Anonymous wrote:Anonymous wrote:Wait until your second child is older. Once you don't feel like you're barely surviving, it will be a much easier conversation. I didn't feel ready for a third until my second was 3 years old.
Meh. If she gets pregnant immediately, the baby won’t be born until the youngest is three. Pregnancy is not instantaneous.
Having huge gaps between kids can be difficult in other ways. They don’t play together, you’re stuck in the baby phase longer, etc.
Anonymous wrote:Anonymous wrote:I don’t think OP’s vision of her family in 5 years is something to ignore. Most people over value the short-term in deciding whether to have kids. If you can get through the next 5 years somehow, then what you want your family to look like at years 5+ is more important...
Yeah, if getting through that five years is disastrous, why should things magically change once they're over? You can't parent from a place of being completely overwhelmed for years (suggesting you may well be shortchanging your kids and yourself) and then expect everything to be hunky-dory on the other side. Chaos doesn't usually breed order, at least, not the healthy kind.
Anonymous wrote:Hey- just be like my sister-in-law; go get pregnant at 43 after her husband has been adamant publicly for 3 years that he wanted no more kids Between the 2 of them, this will be the 5th kid, and there will be an almost 25 year age gap between the oldest and the youngest.
Sister in law got what she wanted, but it may cost her marriage in time. Are you willing to take a similar risk by having a 3rd?
Anonymous wrote:I don’t think OP’s vision of her family in 5 years is something to ignore. Most people over value the short-term in deciding whether to have kids. If you can get through the next 5 years somehow, then what you want your family to look like at years 5+ is more important...

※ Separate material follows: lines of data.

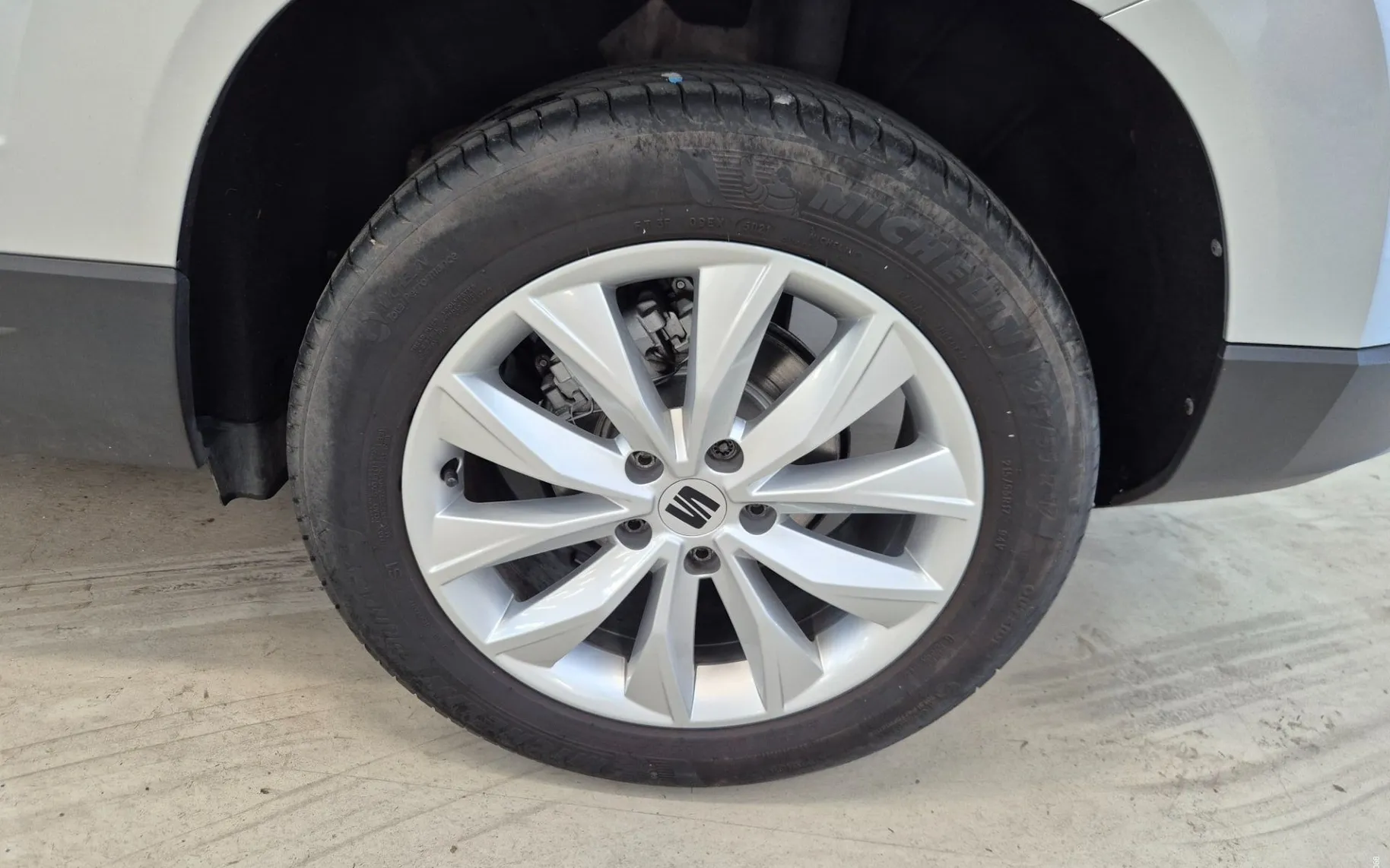 Notranja slika - Seat Ateca - 2.0 TDI Style DSG - 10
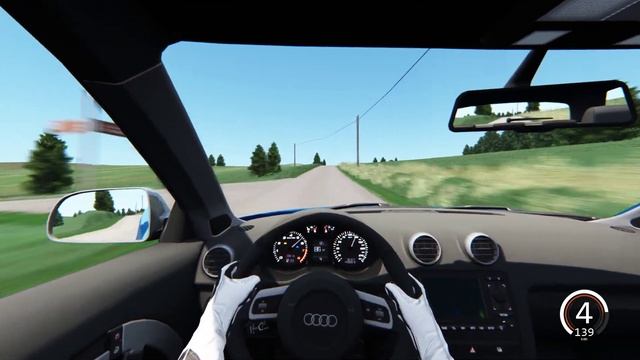 Assetto Corsa - Audi S3 (8P) 2.0 TFSI 2008 (390bhp) смотреть онлайн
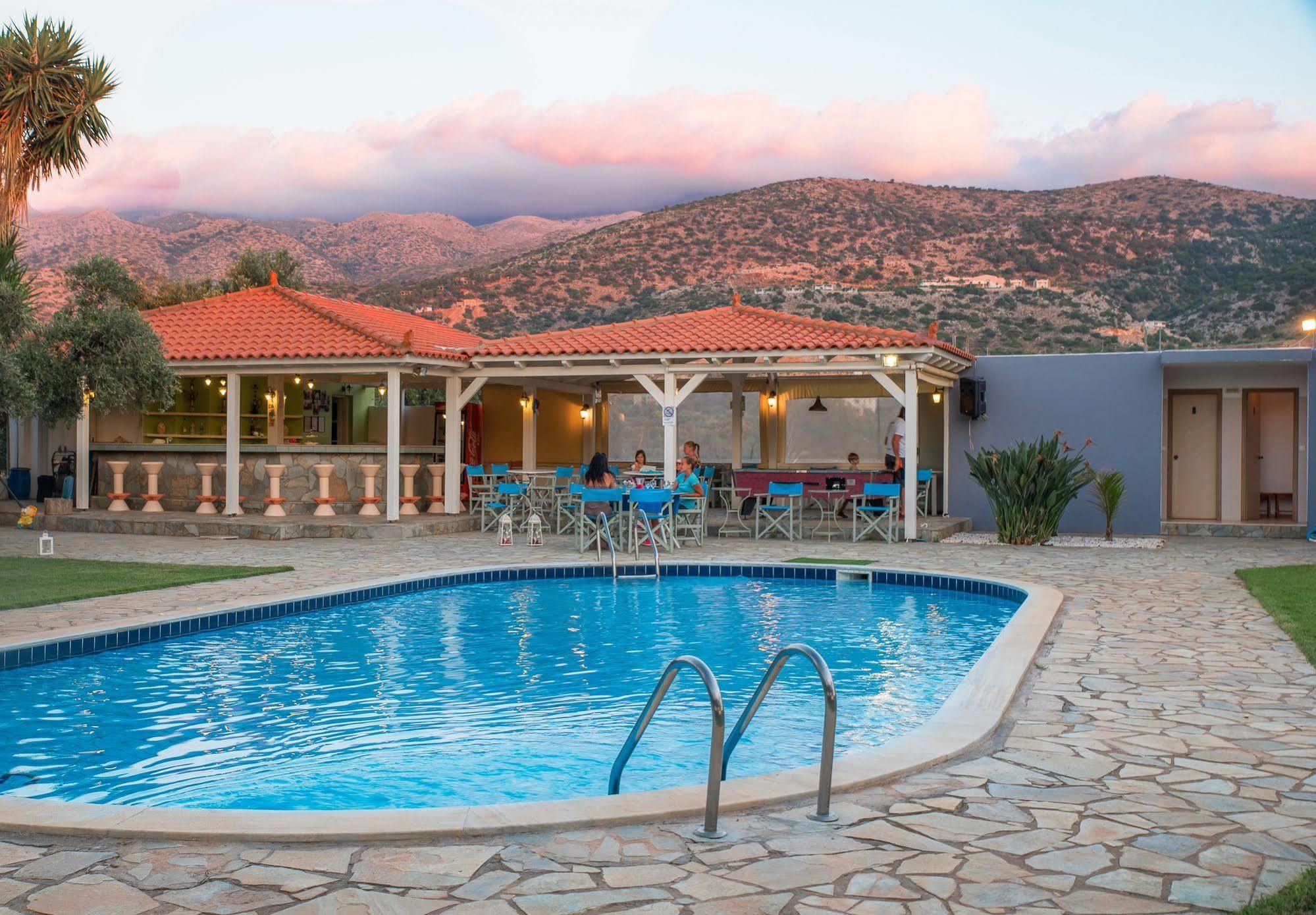 Ibiscus Hotel Malia Exteriör bild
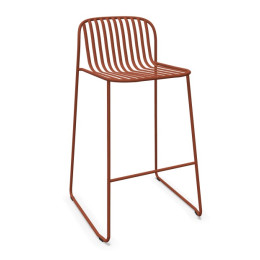 Tabouret Riviera - Rouge érable Emu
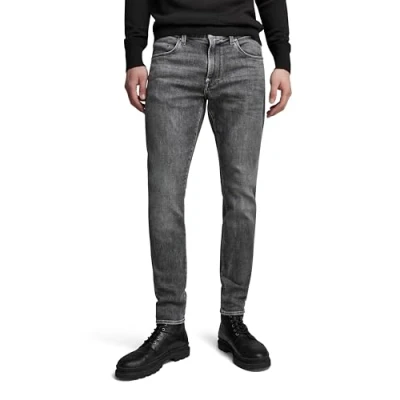 Bild av G STAR herr Revend Fwd Skinny Jeans Smal , Grå (Faded Odyssey Grey D20071 d535 g317), 26W / 32L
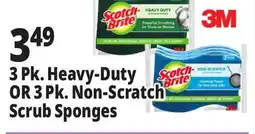 Ocean State Job Lot Scotch-Brite Non-Scratch Scrub Sponges offer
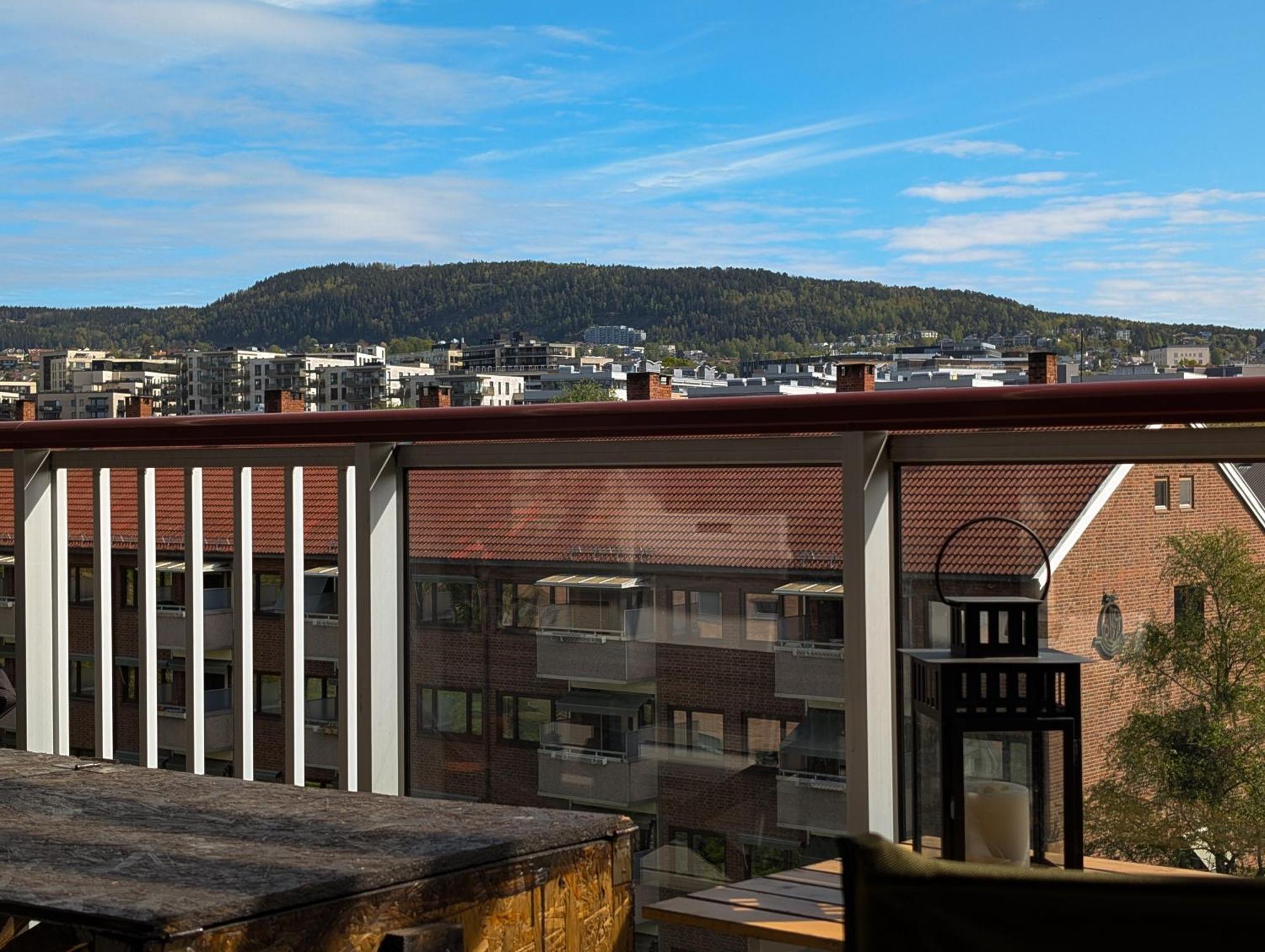 Spacious And Cozy Study Apartment With Balcony Oslo Exterior foto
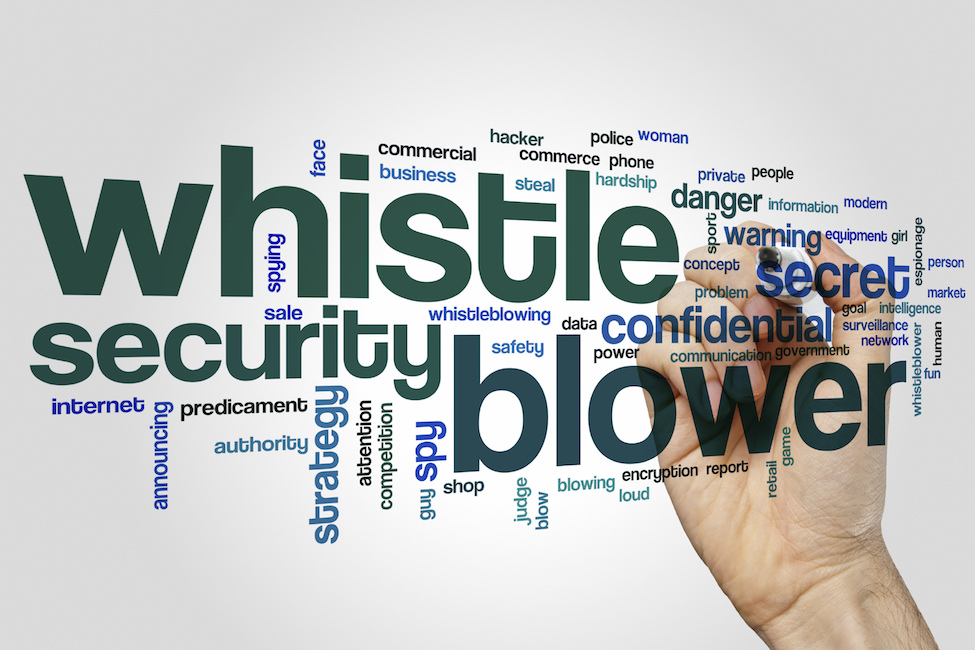 The study found that when minimum thresholds for rewards are employed there was a greater likelihood that the whistleblower would strategically delay reporting the fraud.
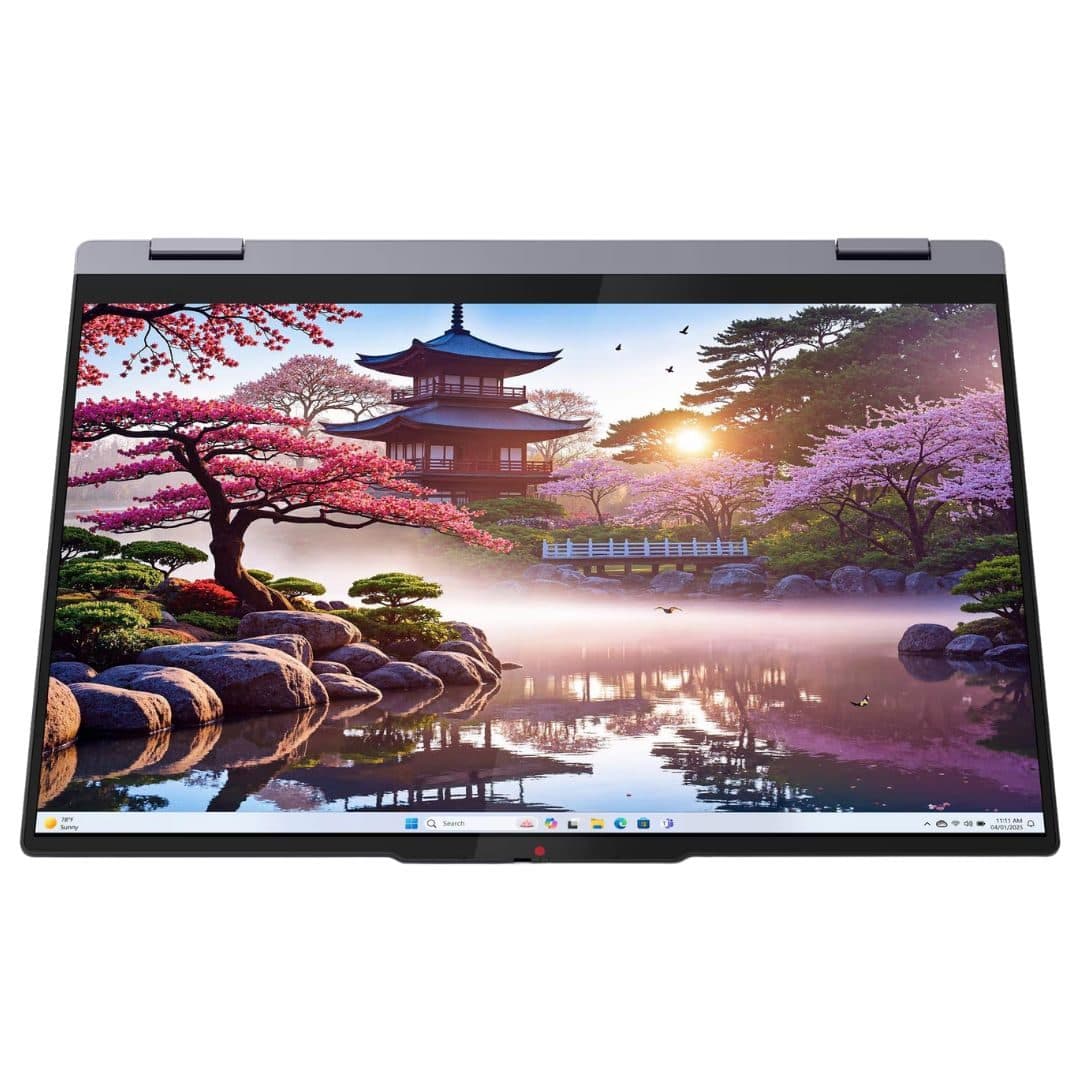Lenovo IdeaPad Slim 5 16AKP10 2-in-1 AI PC ( AMD Ryzen TM AI 7 350 Processor | Integrated AMD Radeon Graphics | 16GB RAM | 512GB SSD | 16" 2.8K OLED 100% SRGB,x360 touch Display | Backlit Keyboard )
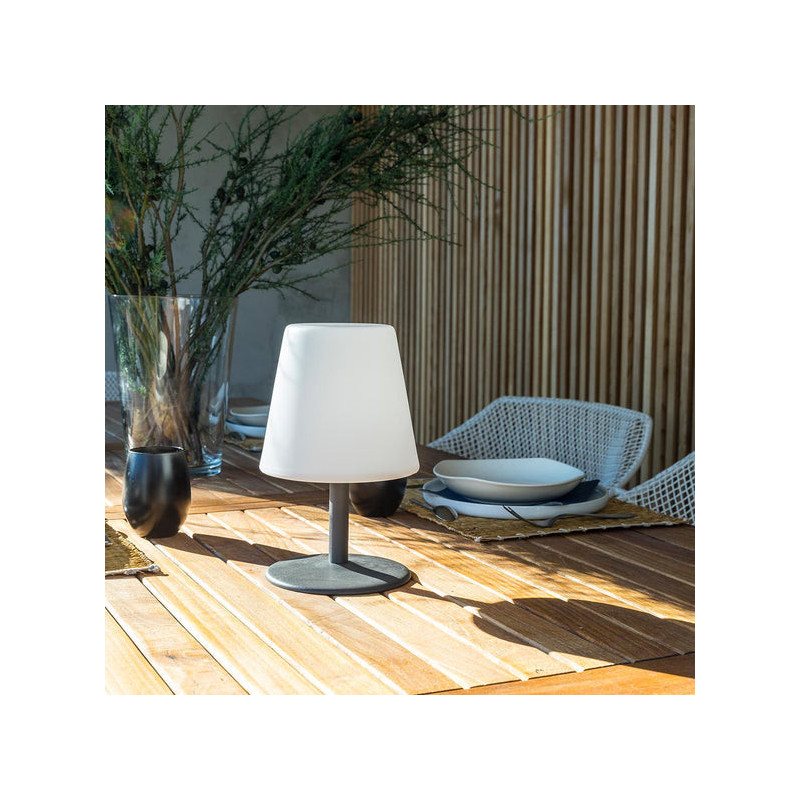 Lampada da tavolo a LED - Mini Rock - Lumisky Lampada da tavolo a LED - Mini Rock - Lumisky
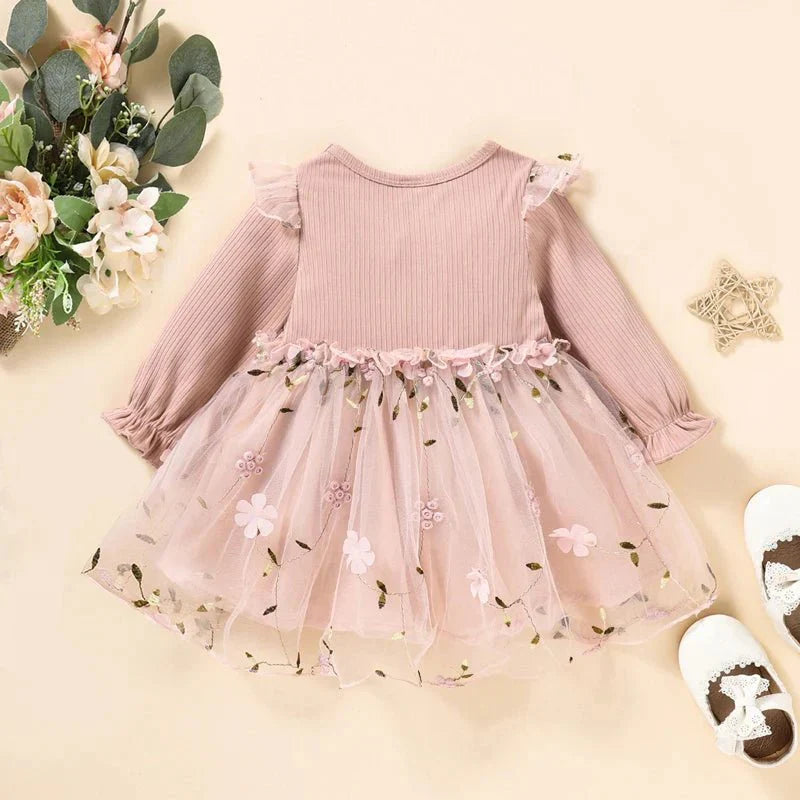 Vestido Infantil Borboleta Encantada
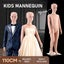 Kids Mannequin Full Body Manikin Model Dummy Carousel 3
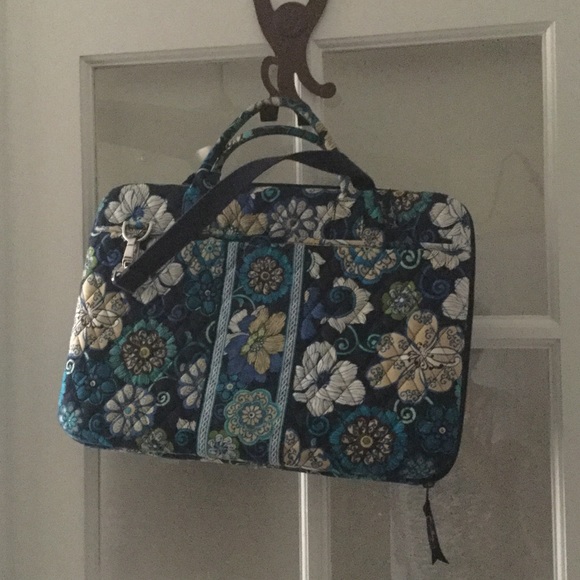 RAINSMORE Laptop Bag for Women 15.6 Inch Work Tote Bags  tote bag and matching computer carry case.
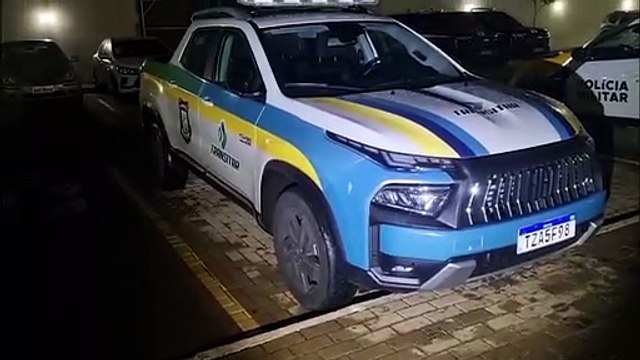 Condutor de BMW é detido por embriaguez ao volante no Centro de Cascavel
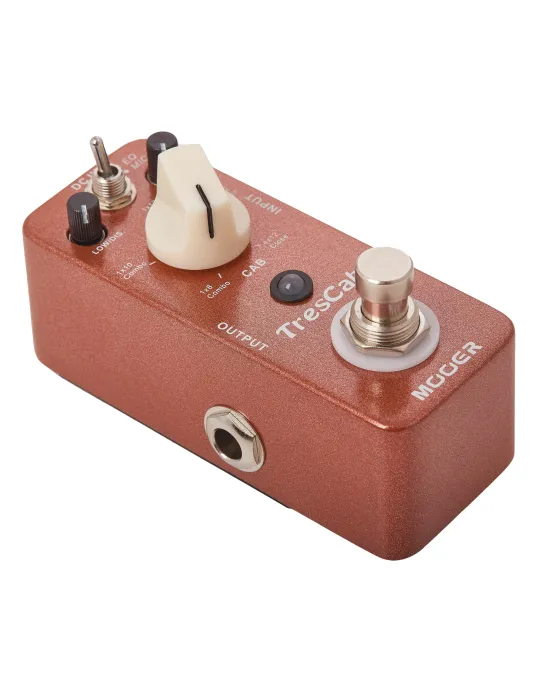  MOOER TRESCAB PEDAL TRESCAB|MusicGoodDeal 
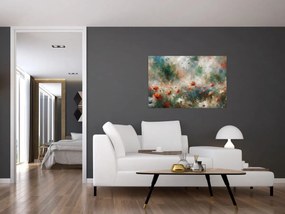 Kép – Pipacsmező absztrakciója (90x60 cm)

Anonymous wrote:I don’t think OP’s vision of her family in 5 years is something to ignore. Most people over value the short-term in deciding whether to have kids. If you can get through the next 5 years somehow, then what you want your family to look like at years 5+ is more important...
Anonymous wrote:Anonymous wrote:Wait until your second child is older. Once you don't feel like you're barely surviving, it will be a much easier conversation. I didn't feel ready for a third until my second was 3 years old.
Meh. If she gets pregnant immediately, the baby won’t be born until the youngest is three. Pregnancy is not instantaneous.
Having huge gaps between kids can be difficult in other ways. They don’t play together, you’re stuck in the baby phase longer, etc.
Anonymous wrote:Anonymous wrote:Anonymous wrote:These are the situations where third kids ruin a marriage
You have more than you can handle as it is, by the sound of it, and your marriage doesn't sound too solid either. Enjoy the family you have, work on your marriage. Don't add an innocent baby to the mix.
+100
If this is where you’re at after a second child, a third might break you.
I am the same type of overwhelmed personality — watching my three is fairly stressful, even though the youngest is now 3.5 — and I’m at present pregnant with number 4. Just because you find watching little kids to be intense doesn’t mean you are a bad mom. Maybe it means that you put in more energy than some others because you, I don’t know, care?
Anonymous wrote:Our kids are 2 and 5. We both work and barely keep our heads afloat. But, I know deep down I want a third kid. In 5 years, I see us sitting around the table as a family of 5. I know my husband is not going to be on board. He works a lot and travels a lot, and we are finally to a point where I can watch both kids by myself now comfortably. Any suggestions of 1) things to consider before talking to him and 2) how to have the conversation with him? Admittedly we aren't the best at communicating, but we are working on it.